Mit einem Mal erscheint ihr das ganze wie ein Berg, dessen Spitze noch nicht einmal in Sichtweite ist, und den sie nun alleine und ohne jegliche Hilfe erklimmen muss. Immer hat sie gewollt, auch der Firma beizutreten und zu helfen. Doch nie hat sie an weitere Erwartungen und Ansprüche gedacht, die dazu kommen könnten. Was wird wohl passieren, wenn sie dem Ganzen nun doch nicht standhalten kann? Das enttäuschte Gesicht von ihrem Vater taucht vor ihrem inneren Auge auf und sie muss schlucken. Gerade eben ist er einmal mit ihr zufrieden gewesen und am liebsten würde sie diesen Zustand beibehalten.
„Vielleicht wäre es besser, wenn wir erst einmal das neue Schuljahr abwarten. Schließlich müssen wir uns dann ja auf zwei Fächer spezialisieren und ich habe schon oft gehört, dass der Schwierigkeitsgrad dann extrem zunimmt", wagt sie sich vorsichtig vor, doch kann ihrem Vater dabei nicht in die Augen sehen. Offen diesen Vorschlag ablehnen kann sie nicht, das würde er auch nicht akzeptieren und so bleibt ihr nur die Möglichkeit sich langsam vorzutasten, um ihn davon zu überzeugen, dass es eigentlich eine schlechte Möglichkeit ist.
„Ach wirklich? Aber ich bin mir sehr sicher, dass du jede Schwierigkeit meistern wirst, die sich dir in den Weg stellt. Oder willst du mir etwa weiß machen, dass du nicht so gut bist, wie ich denke?" Der Blick, mit dem ihr Vater sie nun ansieht, zeigt ihr genau, dass er weiß, was sie vorhat. Sie schluckt bei seinen Worten.

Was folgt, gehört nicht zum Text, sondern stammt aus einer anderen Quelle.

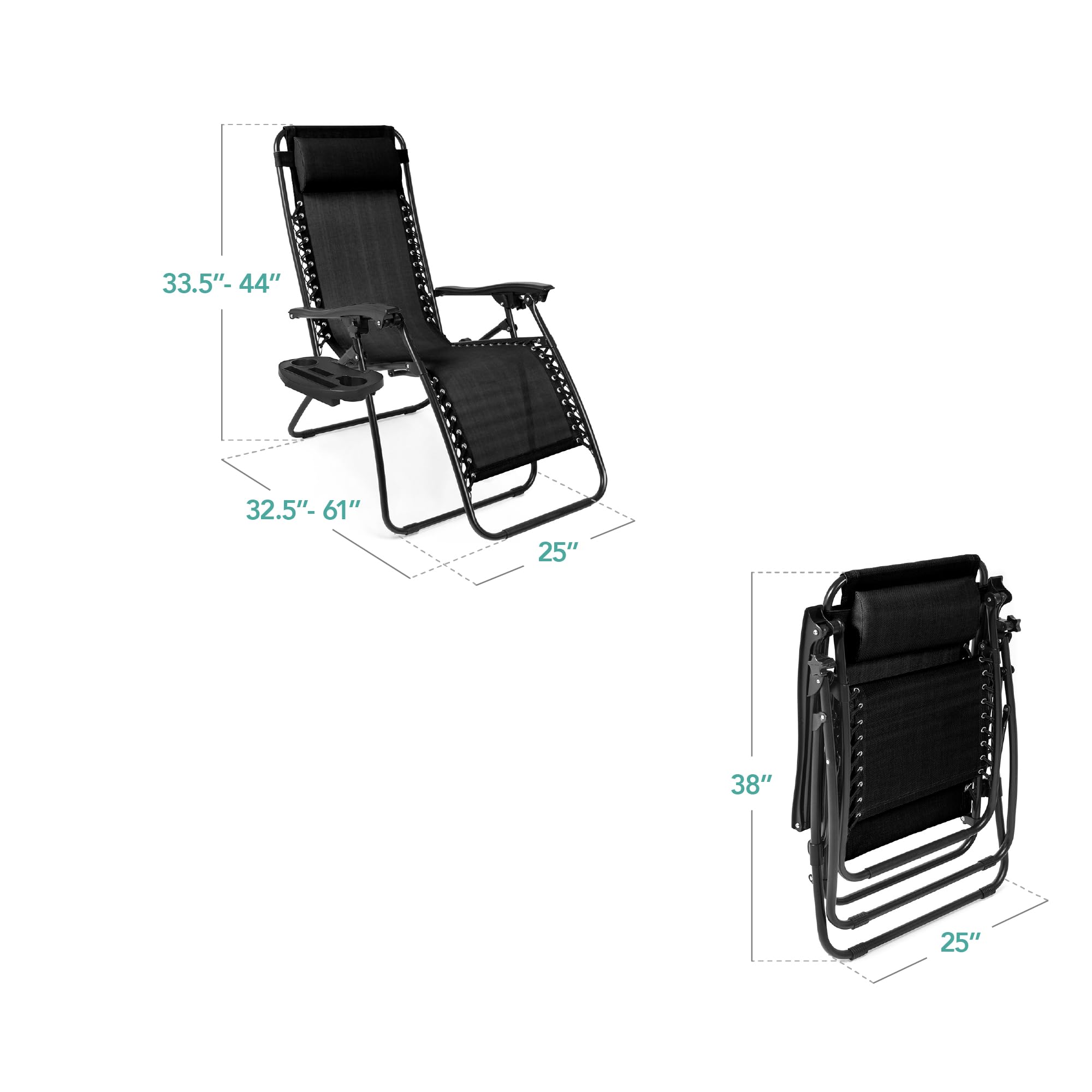 Best Choice Products Set of 2 Adjustable Steel Mesh Zero Gravity Lounge Chair Recliners w/Pillows and Cup Holder Trays - Black - Image 3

„Nein, das wollte ich auf keinen Fall", erwidert sie eilig. Das würde nur dazu führen, dass er wieder enttäuscht von ihr ist, und das will sie nicht. „Ich meine nur, ...", versucht sie, einen zweiten Anlauf zu starten, doch bricht schließlich ab. In diesem Moment fällt ihr kein einziges weiteres Argument ein, dass sie nun hervorbringen könnte.
„Charlotte. Ich habe meine Entscheidung getroffen. Und niemand wird mich umstimmen können. Nicht du, nicht deine Mutter, niemand. Du wirst in die Firma einsteigen und meine Ansprüche erfüllen. Haben wir uns verstanden?" Der Blick, mit dem er sie nun ansieht, jagt ihr einen Schauer über den Rücken und eilig wendet sie den Blick ab. Mit einem Mal bildet sich ein Kloß in ihrem Hals, der ihr das atmen und das Schlucken erschwert. „Haben wir uns verstanden?", wiederholt ihr Vater seine Frage und diesmal um einiges lauter. Für einen kurzen Moment schließt Charlotte ihre Augen, um sich wieder zu sammeln.
„Ja, wir haben uns verstanden", bringt sie einige Sekunden später hervor und ihre Stimme ist dabei kaum mehr als ein Flüstern. Doch ihr Vater hat sie verstanden und sie ist mehr als froh, dass er sie nicht dazu zwingt, es zu wiederholen. Denn das hätte sie nicht gemacht.
Noch nie in ihrem ganzen Leben ist es ihr so schwer gefallen, eine Niederlage einzugestehen, denn so fühlt es sich an, wie eine Niederlage. Nicht einmal, als Marvin oder Gabriel oder irgendjemand anderes sie besiegt hat. Aber nun hat sie einen Wunsch erfüllt bekommen, den sie schon seit Jahren hegt, der sich aber nun als scheinbarer Alptraum herausstellt.
„Gut. Ich werde dich später in mein Büro rufen lassen, damit wir die Einzelheiten besprechen können." Mit diesen Worten steht ihr Vater auf und verlässt den Raum gefolgt von ihrer Mutter, die das ganze Gespräch nur stumm verfolgt hat. Zurückbleibt Charlotte, die nun auch das letzte Bisschen ihrer Ehre hergibt, als sie ihr Gesicht in ihren Händen vergräbt und sich fragt, ob sie das alles schaffen kann.